You see, she would eventually brake down (as the victim) at which time I told her why I was treating her like garbage, siting all of her bad behavior and rude comments or plain meanness as the reason she was getting the treatment she was getting from me in return.
Be strong my friend, women suck sometime but I hear there are good, nice, caring ones out there. But until you find that one don't be a victim to all the bi_ches out there, K...


----------



## Chris H. (Jan 27, 2007)

Your ex sounds really immature, maybe spoiled too? As time goes by those painful feelings will probably not be as bad.

It always helps to work on oneself as well, but I can tell you from my experience, that I've been in unhealthy relationships in the past, and nothing has helped me heal from them better than 1. Spending some time single and getting comfortable with myself, and 2. Ending up in the good, healthy relationship that I have with my wife today.

Now that I'm in a healthy relationship, it's like "wow, I'm not crazy afterall...I can be a good partner/husband" - good validation.

The bad ones in the past always left me with a lot of self-doubt, anger, and confusion.


----------



## cbachinger (Sep 13, 2007)

I also believed that she was immature, regardless of how her parents or her other friends pictured her. And yes, she is an only child and her fathers family started a big bank back in the 30s so she has always had money. her mother literally beat manners and 'maturity' into her but there were some elements like ' having her own way' away from home that made her wrong.

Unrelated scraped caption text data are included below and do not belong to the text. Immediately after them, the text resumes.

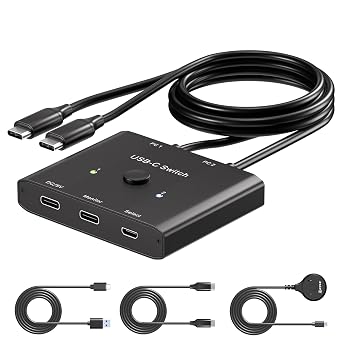20Gbps USB C Switch, 8K USB-C Switcher 2 Laptops Share one Monitor or Dock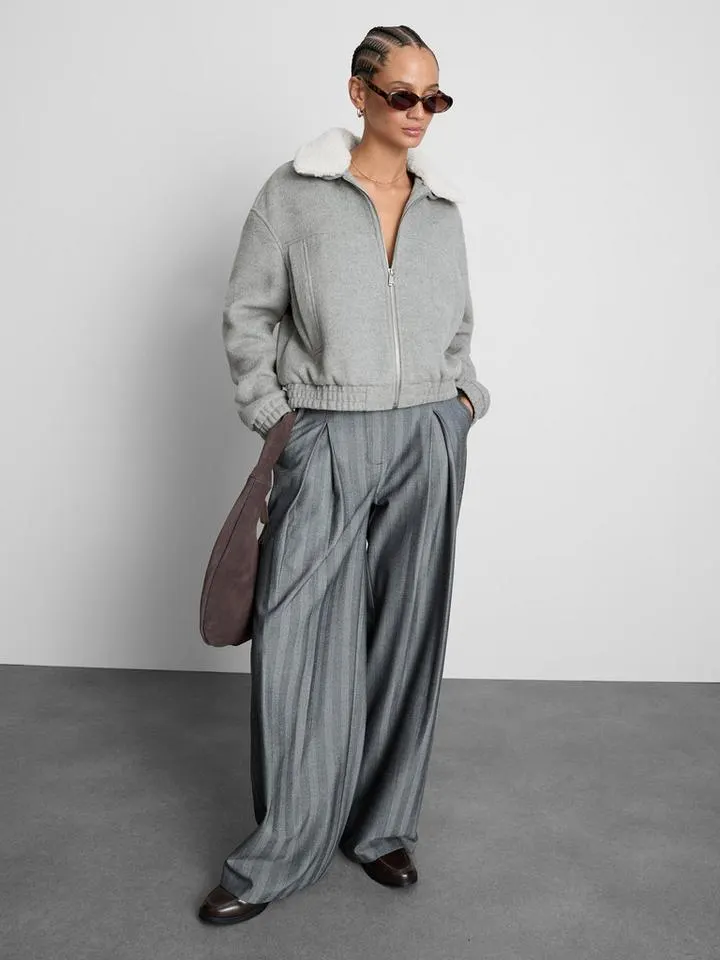 Blouson bomber à col effet mouton retourné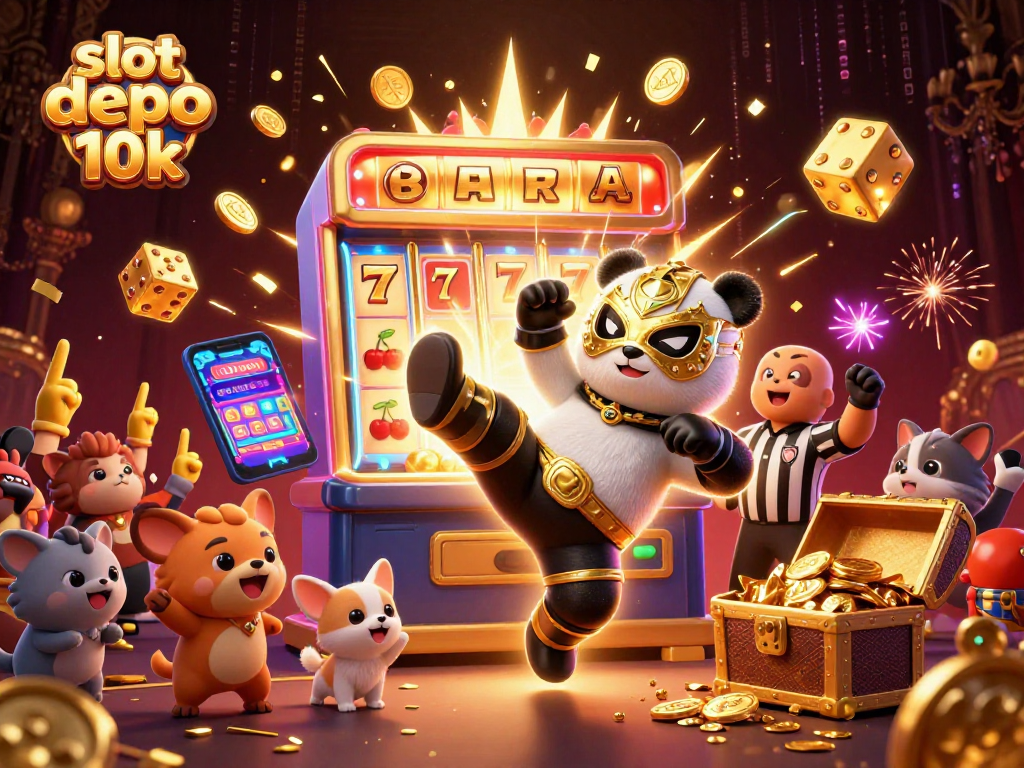 Experience thrilling slot games with slot depo 10k featuring a panda wrestler in an electrifying casino scene.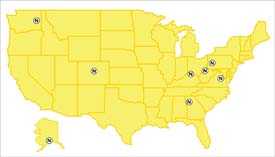 Mapa de los Estados Unidos con las oficinas de NIOSH resaltadas.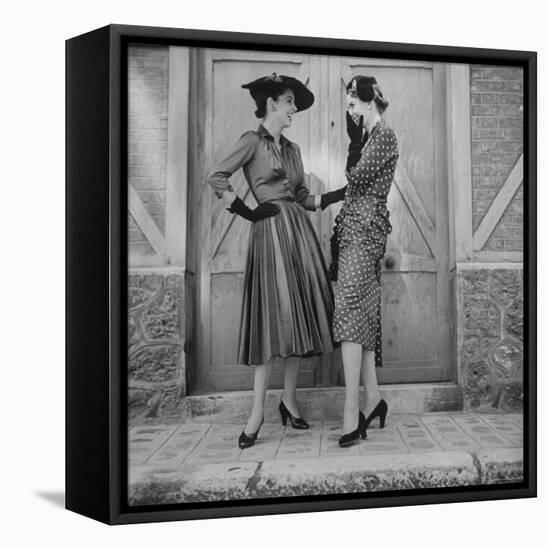 Women Modeling Spring Dresses-Gordon Parks-Framed Stretched Canvas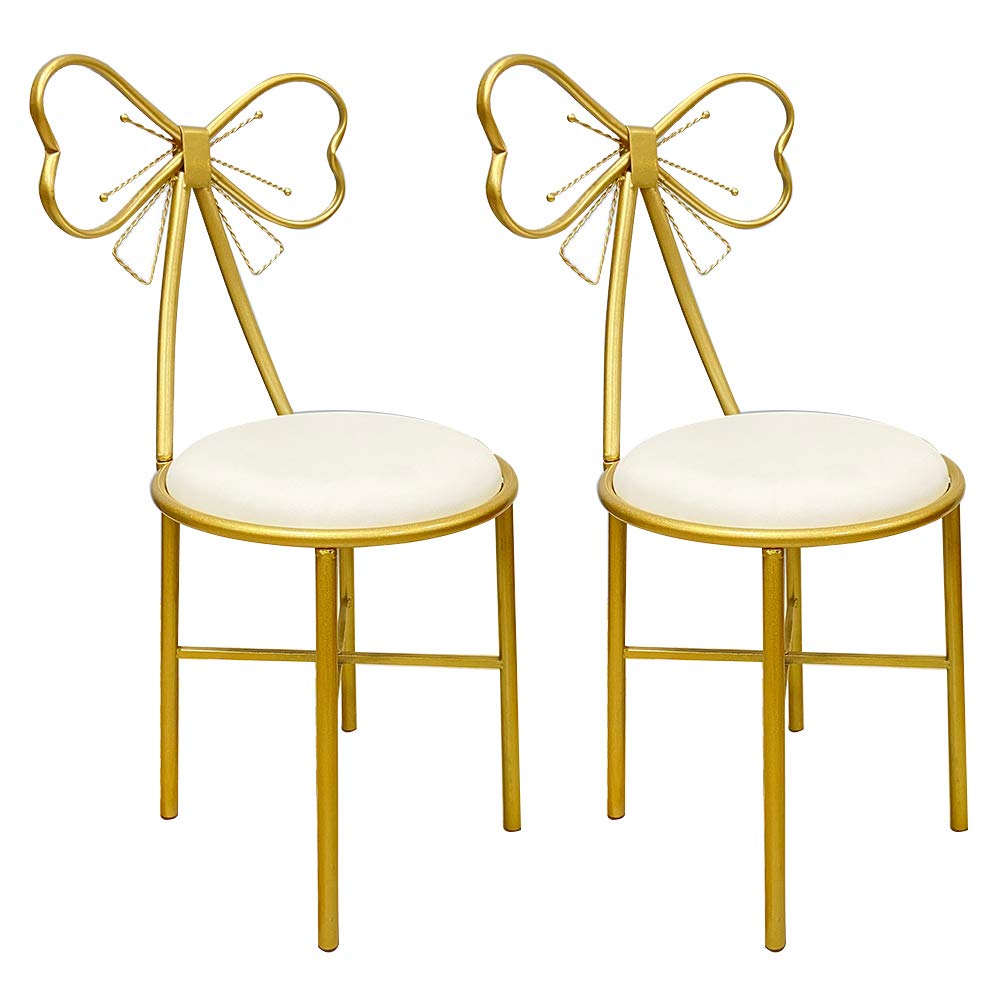 Modern Bow Vanity Chair Set of 2 - PU Leather Butterfly Stool with Metal Legs for Makeup Room, Bedroom, Dressing Room & Nail Salon - Elegant White Vanity Stools for Women's Dressing Table, Bridal Suite & Beauty Parlor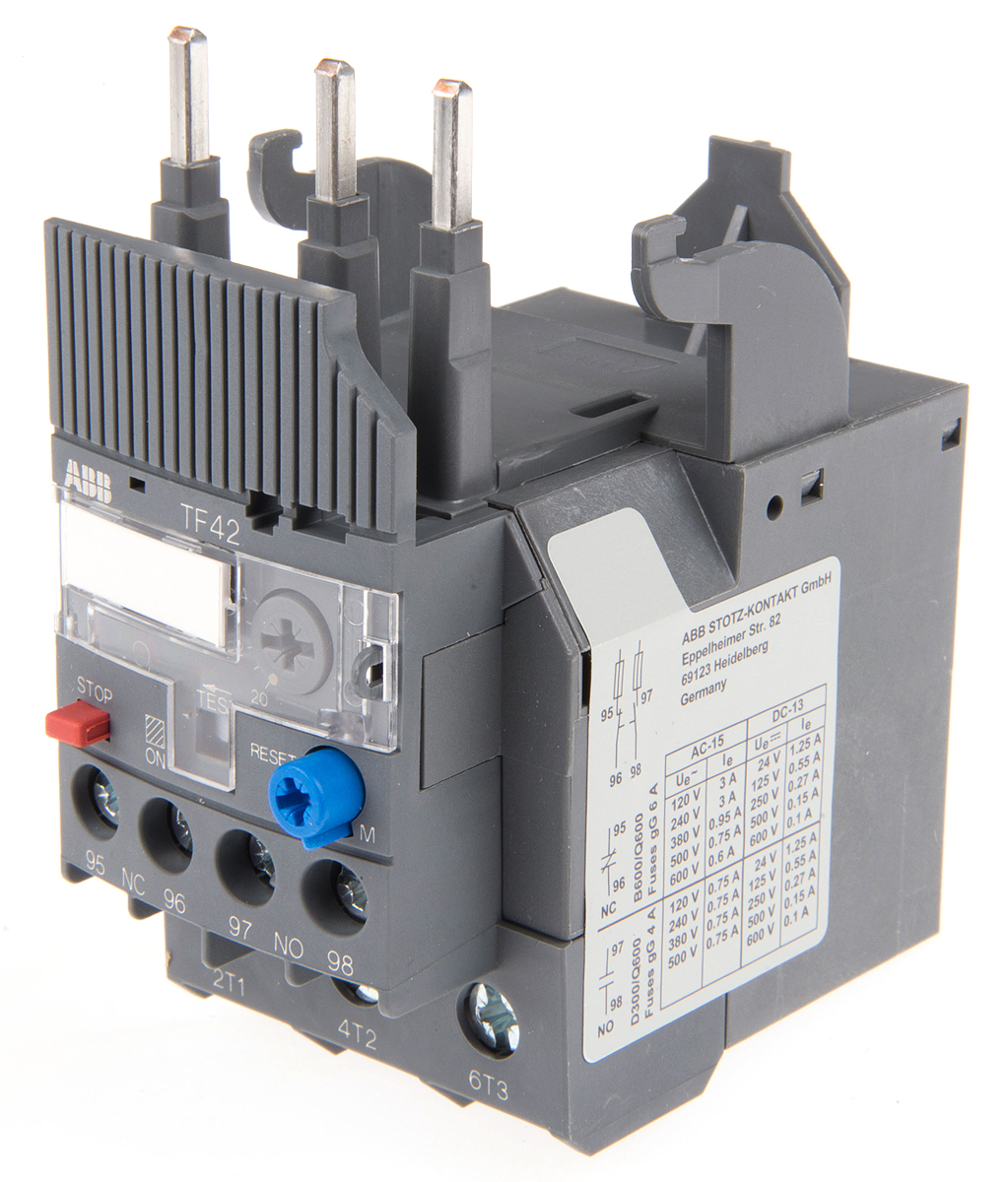 ABB TF42 Thermal Overload Relay 1NO + 1NC, 20 → 24 A F.L.C, 24 A Contact Rating, 2.6 W, 3P, AF Range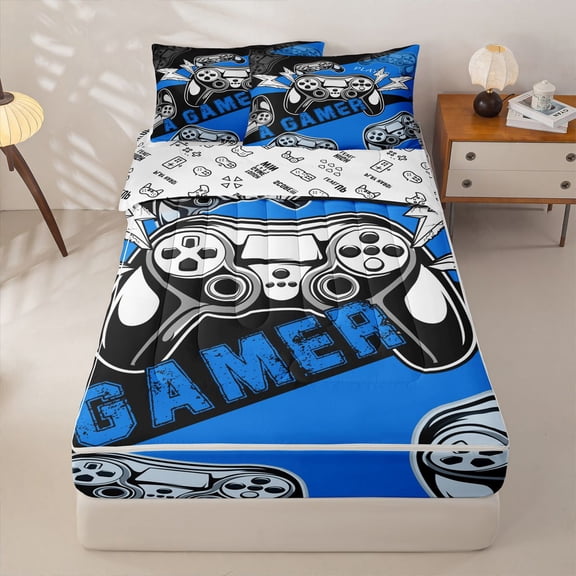 Homewish Boys Gamer Zipper Twin Comforter Sets with Fitted Sheet and 2 Pillowcases,Video Game Controller Zipper Bedding Set,Blue,Gamepad Reversible,4 Pieces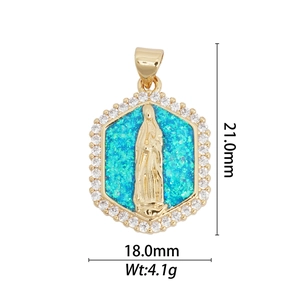 Detail of 18k gold plated hexagonal pendant with blue opal and zirconia, 21x18mm size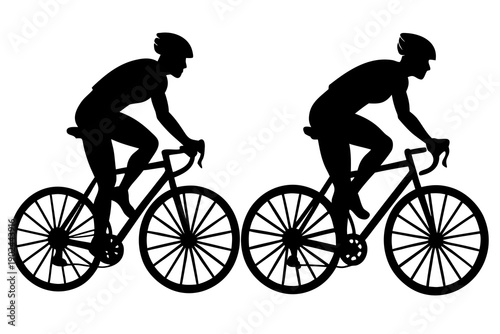 Cycling silhouette vector illustration isolated on white background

But i feel that time alone (though i also wish to start a new relationship) and time in general will help me get over it all.


----------



## swedish (Mar 6, 2008)

It sounds to me like you simply have very different personalities. I am more like you and am often uncomfortable around people that are very assertive, 'the center of attention types'. I'm guessing there's something you find attractive about that, but walking on eggshells all the time is a horrible way to be in a relationship. I saw a common pattern in my own relationships and did go to counseling for a while. One thing I learned is that I need to be more assertive and although for me it's forced because it's not comfortable at all, it does give me more confidence and control over situations when I'm able to say what I want & not worry so much about upsetting others. I also learned through experience that by not saying anything/avoiding confrontation, that people receive that as me not caring which couldn't be further from the truth. Try not to let the memories drag you down, but rather use them to help you grow...what you won't put up with in future relationships, what you might do differently, etc. Counseling may or may not help you sort out your thoughts, it may be just that you have too much time to think about it (if you are alone in another country) but if you surround yourself with family/friends and eventually date again the memories will fade.


----------



## cbachinger (Sep 13, 2007)

Thank you swedish 

That was the answer i was looking for and it has asserted me to do just that.
I shouldnt let them worry me, only teach me what to look out for and know that by caring i should actually put my foot down and say i dont like it.
I have more confidence and self-esteem since we broke up and i have built it up in different ways by realising new strengths within me, so i have a good base to work from


----------